It don't think its the cause of your issue but it wont hurt a thing and actually make it easier to start with a starter turning at full speed.
Sounds like a starter to me. Mind did this a few months ago. I was at the job site and lucky the hammer trick got her to start once last time before I put a sd starter in. The superduty starter starts my truck like 2x faster than my old warn out obs starter. Money well spent
Mine did the same thing. I had a broken battery post that would only work intermittently. It was misleading at first, felt like a dead battery or corroded terminals. Wiggle the battery post. If you have wedged a screw in battery terminal post, because your main cable end is loose, then that could damage the battery post
hit it with a hammer while trying to crank. It’s one of those emergency techniques to get on the road so you can get to the store and buy a new starter
I vaguely recollect that when mine went out, I could still hear clicking when turning the key.
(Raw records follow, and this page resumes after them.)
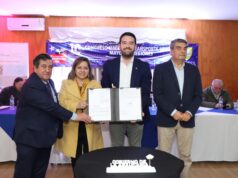 Gobernador Rivas firma mensaje para la renovación y mejora del transporte público regional con foco en la electromovilidad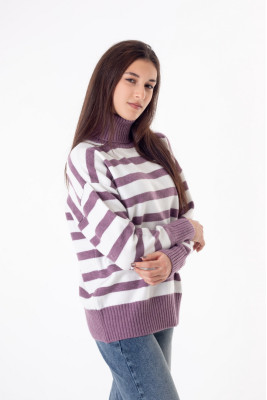 Светр жіночий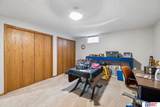 915 Woodcrest Court - Photo 35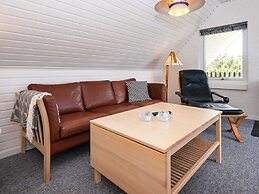 6 Person Holiday Home in Glesborg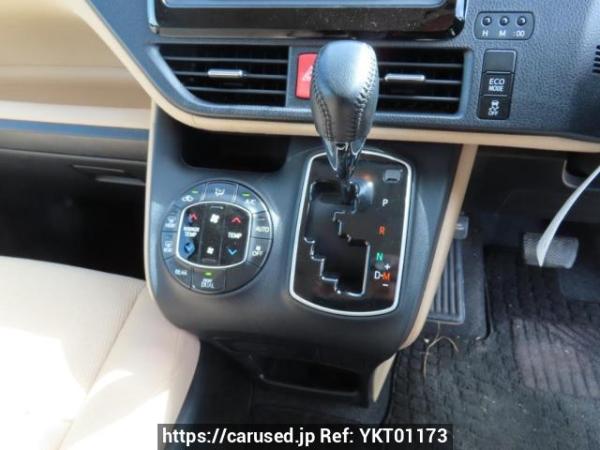 Used 2014 AT toyota noah ZRR80G Image[29]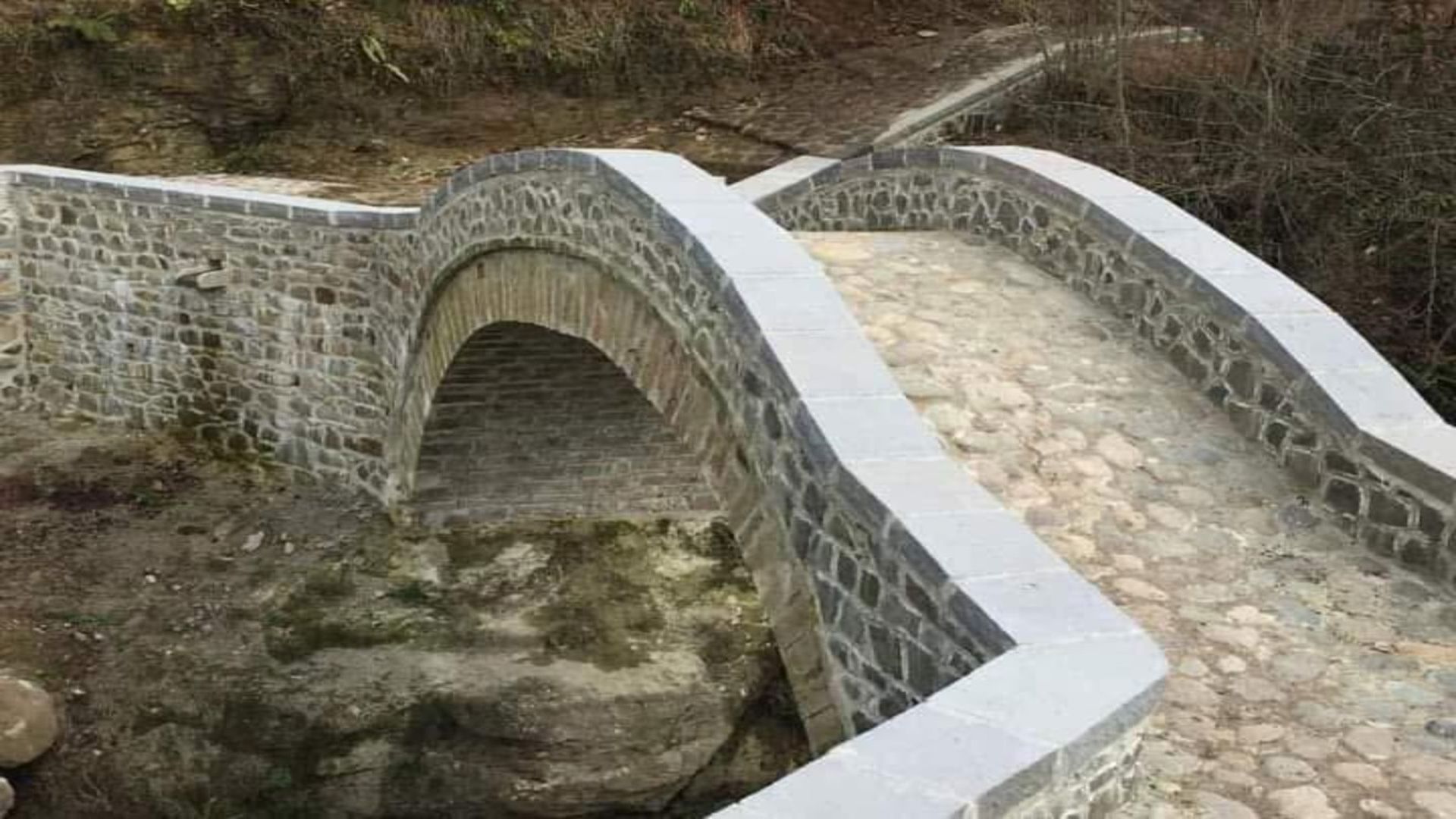 Kestane Mahallesi Dayınlı Köprüsü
At first it was intermittent, and would crank on second key turn, then deteriorated to several anxious turns of key before cranking before I checked the fender solenoid and replaced it.
You hear clicking, which means you have starter signal coming from the key switch and the park / neutral / clutch safeties are working. The fender solenoid may be clicking, but not sending current to the main solenoid on the starter. It's worth checking voltage on the two larger terminals on the fender solenoid before tapping the starter. With key turned (and in park / neutral or clutch depressed), both large terminals should read 12 volts relative to ground. If neither reads +12 v, you have a cable or connection problem from the battery. If the battery (feed) side terminal reads +12 v but the starter (load) side doesn't, likely the fender solenoid is bad. If both terminals read +12 v, the problem is somewhere downstream... cable / connections to the starter, or the starter itself.
I vaguely recollect that the fender solenoid is grounded through its case to the chassis, but if the ground is corroded, you wouldn't hear clicking.
Another trick is to short across the fender solenoid... if the solenoid is bad, this should crank the engine... but make sure you have it in park / neutral / clutch depressed, because it bypasses the safety switches.
I have heard that the hammer trick can permanently damage a starter (cracking brittle ceramic permanent magnets), so it's probably best used as a get-me-home last resort.